Saw this little operation on my way through a drive-through yesterday. Seems legit....

View attachment 20806


----------



## randas (Dec 14, 2008)

This is the ladder you need. 8' step ladder, 14' extension, and adjustable for stairs


----------



## Hippie (May 12, 2011)

stuiec said:


> Saw this little operation on my way through a drive-through yesterday. Seems legit....
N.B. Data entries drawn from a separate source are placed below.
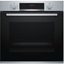 Picture of Bosch HBS534BS0B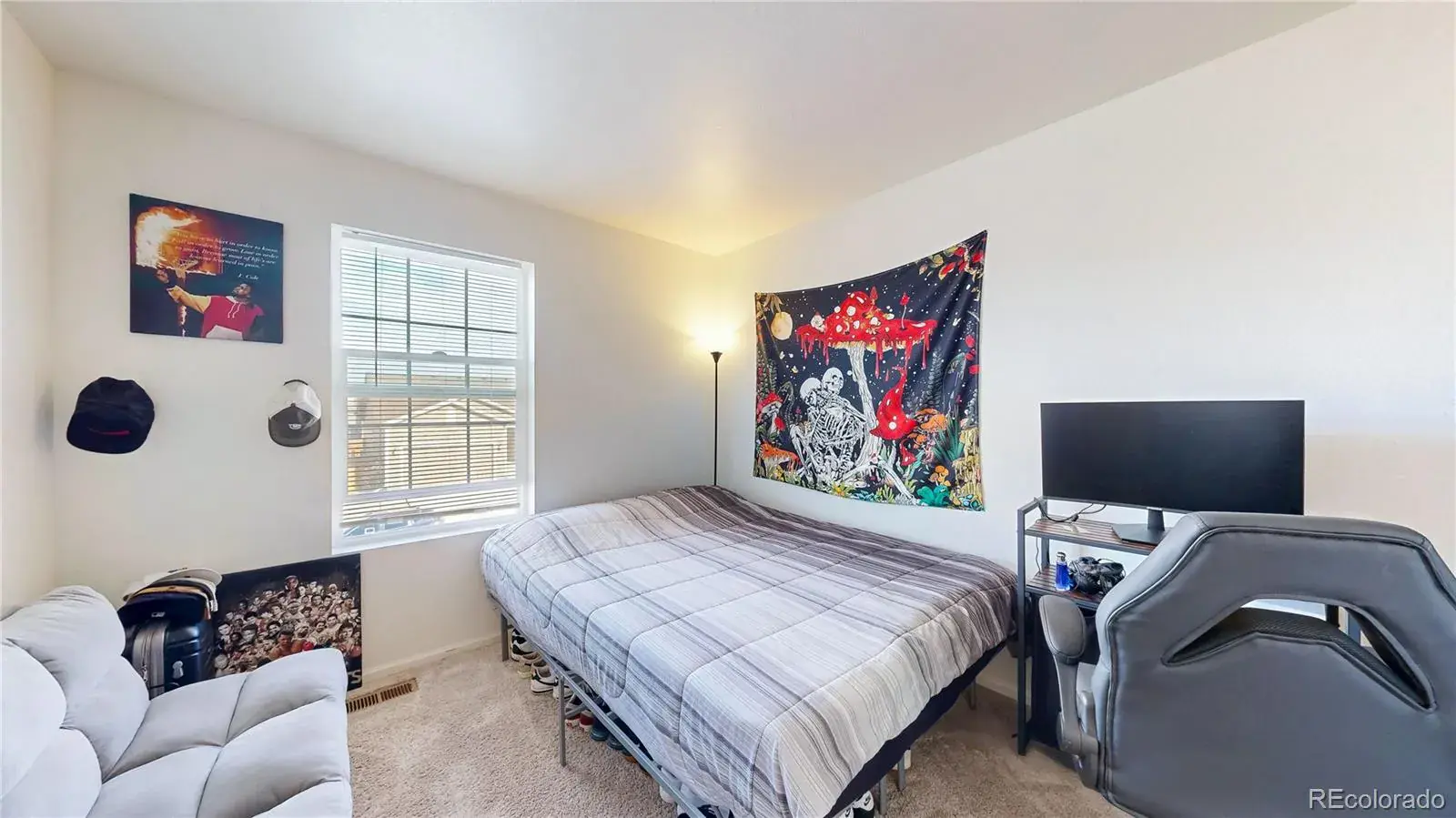 27584 E 6th Drive Aurora CO 80018 | MLS #REC3567229 02112026200537 1600 18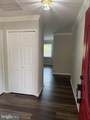 13133 Morning Spring Lane - Photo 2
Not only is there an extension ladder on top of a forklift, there's snow all over that metal roof.... That's how you get it done no matter what! I bet the boss gave them all a raise


----------



## 360max (Jun 10, 2011)




----------



## ElectricBrent (Jan 1, 2013)

If you're not afraid to drop the $$ the best option you have is this "JAWS" ladder

http://featherliteladders.com/?page_id=224

there are other imitations of this, but by far this is the sturdiest ladder money can buy for working in stairwells. Also great because you can bring it anywhere you can take a 6' ladder, but you still can set it up at 10'. if you have the chance to go see on you won't be disappointed.


----------



## LARMGUY (Aug 22, 2010)

jrannis said:


> I have this in Fiberglass.
> I use it all of the time:


But where does your supervisor stand? :whistling2:


----------



## Southeast Power (Jan 18, 2009)

drspec said:


> This is maddening. It doesn't apper they manufacture the ultra step anymore. I may be able to get one through a reseller though.
> 
> How far does the telescoping non step side extend on the 8 foot model?


It folds down to 5' and extends to 8'.
I like the fact that you can work in tight spaces with it.


----------